Nevertheless, already at day 30, the percentage of Lc. lactis isolates decreased, whereas at the same time, the population of L. plantarum increased due to its strong competitive ability [31], which is probably the reason for the inhibition of Lc. lactis growth since it was no longer isolated at the end of the ripening. In a similar study by Salazar-Montoya et al. [46], Lc. lactis was encapsulated in a separate form and the microorganisms remained viable throughout the ripening process, with no decrease in the population by the end of the ripening period.
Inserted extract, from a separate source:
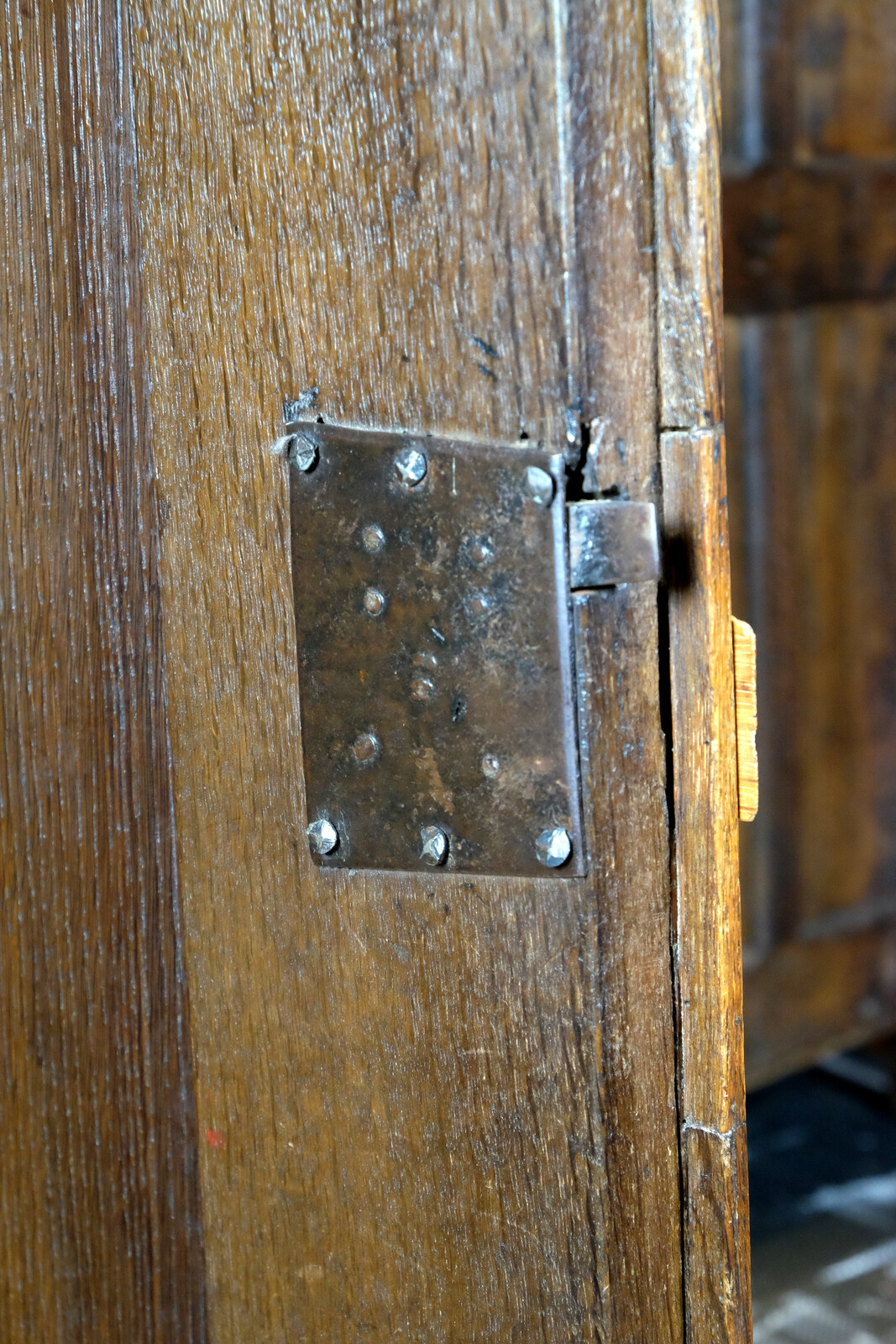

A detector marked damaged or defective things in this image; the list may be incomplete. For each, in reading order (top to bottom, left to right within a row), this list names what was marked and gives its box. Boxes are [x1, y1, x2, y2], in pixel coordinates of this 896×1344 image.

The percentage of isolated L. plantarum strains in both experimental cheese groups gradually increased from day 30, peaked at days 60 and 90, and then decreased toward the end of ripening. In contrast to Lc. lactis, L. plantarum was isolated in the S1 group only on day 0, where it represented less than 10% of the population, adding to the evidence of RAPD-PCR analysis confirming the authenticity of the isolated strains with the encapsulated one.
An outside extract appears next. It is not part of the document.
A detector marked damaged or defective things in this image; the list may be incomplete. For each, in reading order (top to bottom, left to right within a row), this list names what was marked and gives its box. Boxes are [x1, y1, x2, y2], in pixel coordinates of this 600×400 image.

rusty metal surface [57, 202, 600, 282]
Together with indigenous lactic-acid bacteria, the production of natural rennet from lamb abomasa has the potential to preserve biodiversity and utilize animal by-products. Some authors suggest that lamb rennet is best for clotting that species’ milk [49], and thus, the produced rennet has higher overall clotting activity than other natural rennets on the market, and the chymosin: pepsin ratio of 80:20% is optimal for producing ripened cheeses [8]. The physicochemical results show no significant differences in the determined parameters regarding experimental cheese groups (p > 0.05, N = 3) but show significant differences between ripening stages (p < 0.001, N = 5). Differences in ripening stages or sampling days were expected. During the ripening stages, water evaporated, significantly increasing other parameters. Total solids differed in every stage, whereas milk fat and protein content had no significant differences between days 30 and 60. Chloride content and pH values were only significantly different between days 0 and 30 (p < 0.001), when the majority of water and whey evaporated. The aforementioned differences are expected for Paški sir cheese while it is ripening [50]. The absence of differences between experimental groups can be noted as the successful production of natural rennet and dairy cultures from the indigenous territory and its implementation into a traditional cheese, Paški sir, which is PDO (Protected Designation of Origin). It can be an excellent way to introduce new technologies into conventional cheese production, emphasizing the local in contrast to the global.

5. Conclusions

The present study results show that the number of microencapsulated indigenous L. plantarum reached the required level of free bacterial cells compared to commercial cultures, especially in the S3 cheese batch, where cultures and natural rennet were applied together in microencapsulated form. It indicates no negative interactions of natural rennet, bacterial culture, and chemical components of the microparticles. The number of encapsulated indigenous L. plantarum remained stable throughout the ripening process, and in the end, a cheese with the same characteristics as the commercial product was produced. The physicochemical properties and release of rennet from microsphere formulations indicate that encapsulation of rennet with calcium alginate has excellent potential for application in the hard-sheep-cheese manufacturing process. To our knowledge, this is the first report of using an encapsulated strain of lactic-acid bacteria isolated from the abomasum of lambs and natural rennet in the production of hard sheep cheese. This approach can benefit traditional and boutique cheese varieties by making them safer with pasteurization and unique by adding indigenous dairy cultures. The preservation of biodiversity can have a great added value through the diversification of cheeses of the same type (i.e., semi-hard, hard cheese) on a local and global scale.